## ABOUT THIS TASK
Look at the data below and print exactly the lines from its first line through the line with "We just finished"; the pictures stay out of the copy.

(Dataset entries)
--
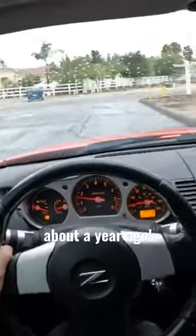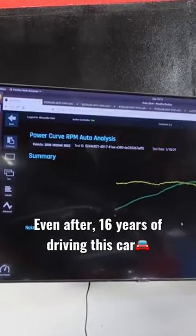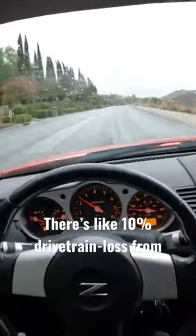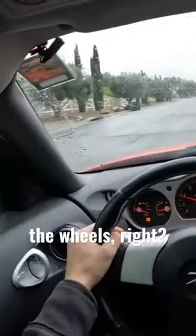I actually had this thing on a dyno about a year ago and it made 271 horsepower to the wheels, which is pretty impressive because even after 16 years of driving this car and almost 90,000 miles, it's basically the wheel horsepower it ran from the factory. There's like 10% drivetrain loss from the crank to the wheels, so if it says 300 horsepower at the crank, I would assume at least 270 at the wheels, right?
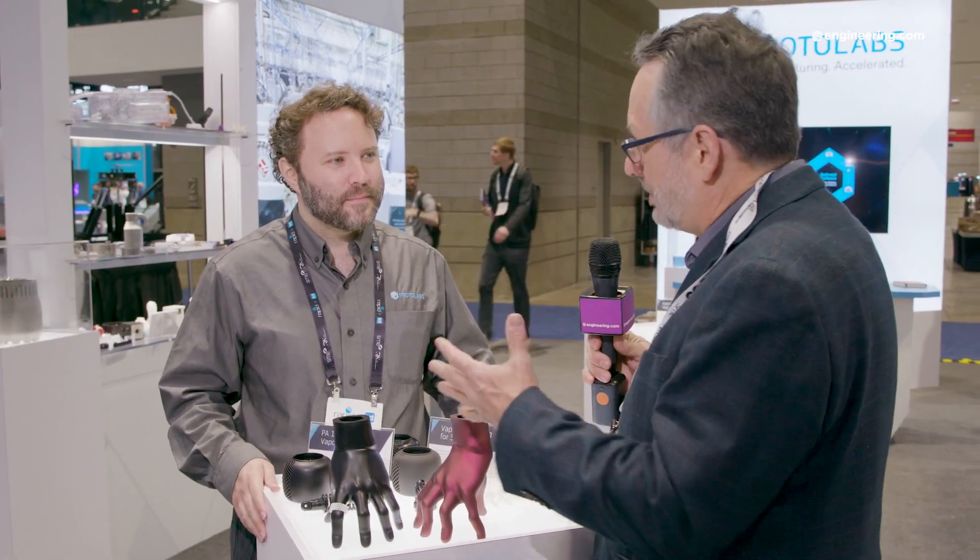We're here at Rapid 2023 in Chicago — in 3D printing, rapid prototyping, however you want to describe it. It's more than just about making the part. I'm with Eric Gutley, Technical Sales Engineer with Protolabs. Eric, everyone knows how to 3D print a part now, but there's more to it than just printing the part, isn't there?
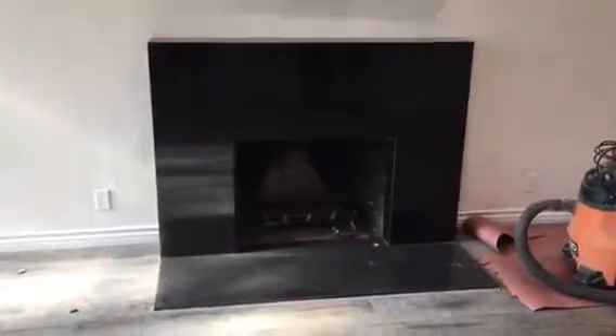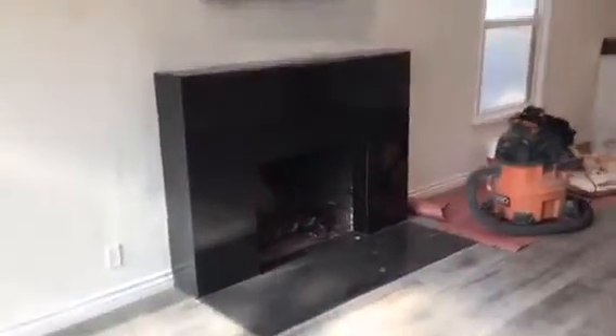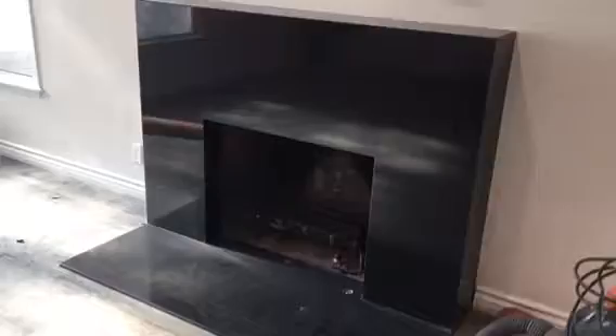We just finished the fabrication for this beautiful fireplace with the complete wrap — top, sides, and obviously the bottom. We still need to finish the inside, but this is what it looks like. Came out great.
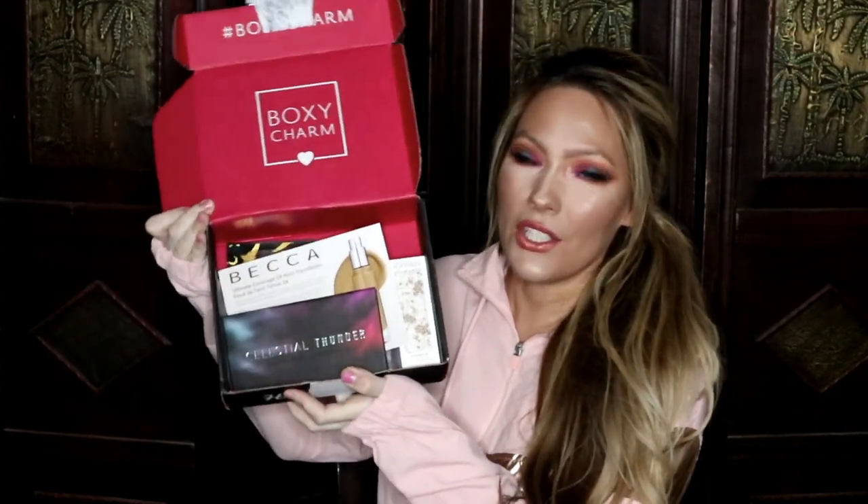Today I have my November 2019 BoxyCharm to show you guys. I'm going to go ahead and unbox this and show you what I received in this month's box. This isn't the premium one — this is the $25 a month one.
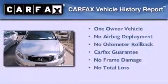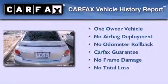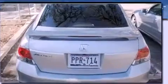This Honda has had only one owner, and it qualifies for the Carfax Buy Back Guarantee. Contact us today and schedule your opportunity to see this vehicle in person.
--
## REPLY
I actually had this thing on a dyno about a year ago and it made 271 horsepower to the wheels, which is pretty impressive because even after 16 years of driving this car and almost 90,000 miles, it's basically the wheel horsepower it ran from the factory. There's like 10% drivetrain loss from the crank to the wheels, so if it says 300 horsepower at the crank, I would assume at least 270 at the wheels, right?
We're here at Rapid 2023 in Chicago — in 3D printing, rapid prototyping, however you want to describe it. It's more than just about making the part. I'm with Eric Gutley, Technical Sales Engineer with Protolabs. Eric, everyone knows how to 3D print a part now, but there's more to it than just printing the part, isn't there?
We just finished the fabrication for this beautiful fireplace with the complete wrap — top, sides, and obviously the bottom. We still need to finish the inside, but this is what it looks like. Came out great.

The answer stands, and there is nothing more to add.